Circumstances took us to England again to live when Erinn was five months old and we left Australia thinking she may not return – harder to bear for her grandparents than perhaps for
us. In England, we followed up with paediatric cardiologists who suggested that surgery was an option but that it must be done soon to avoid the irreversible changes of pulmonary hypertension. My wife and I considered the risks to be too great and declined.
Erinn did not walk until 18 months of age. The children used to take her from room to room in the house, depending where they were playing. Ever vigilant for changes in her condition, we noticed grazes on her nose and sternum – her enlarged heart caused some sternal protuberance. We worked out that they were carpet burns, thus raising the level of vigilance from then on as the others were shown how to move her with greater care. She was also quite small, maybe 13 pounds at 12 months. My wife was a little exasperated more than once by elderly ladies’ concerns that Erinn was not being fed enough and that she should give up on breastfeeding.
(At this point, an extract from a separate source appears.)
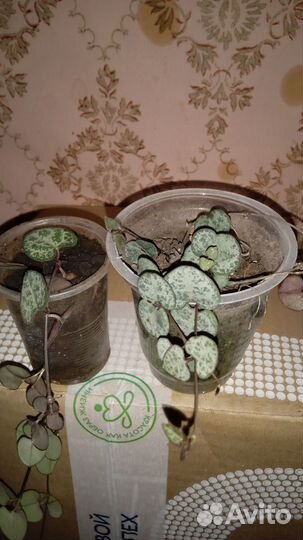 Церопегия Вуда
Our arrival in England in December/January was a cold surprise for Erinn. An old friend from our earlier stay had arranged housing on the hospital premises. She met us and settled us into the house. Nearing term pregnancy herself, she was excited to see Erinn and nursed her constantly for a few hours. The next week, she went into labour, giving birth to a Down syndrome boy with the same cardiac anomaly as Erinn. This dear friend said later that she would not have been able to cope as well had it not been for the short time with Erinn just before her delivery. She found that seeing Erinn in a family context made it easier to welcome her own son, Alex, who unfortunately died due to his cardiac problems at about 14 months of age.
We have had six more children since Erinn, thus most of them can’t recall a time without her. Erinn has had a major influence on their development, their assessment of what a tragedy is and what an opportunity is and ‘what’s the problem anyway’. Erinn has her own group of friends outside the family circle and her reliance on the family ties, though more obvious, is no more or less real than the ties that bind the other ‘children’. Erinn’s ‘needs of us’ are just more predictable and certainly not more challenging. From such confused beginnings, it is wonderful to know that life would not have been as liveable without Erinn.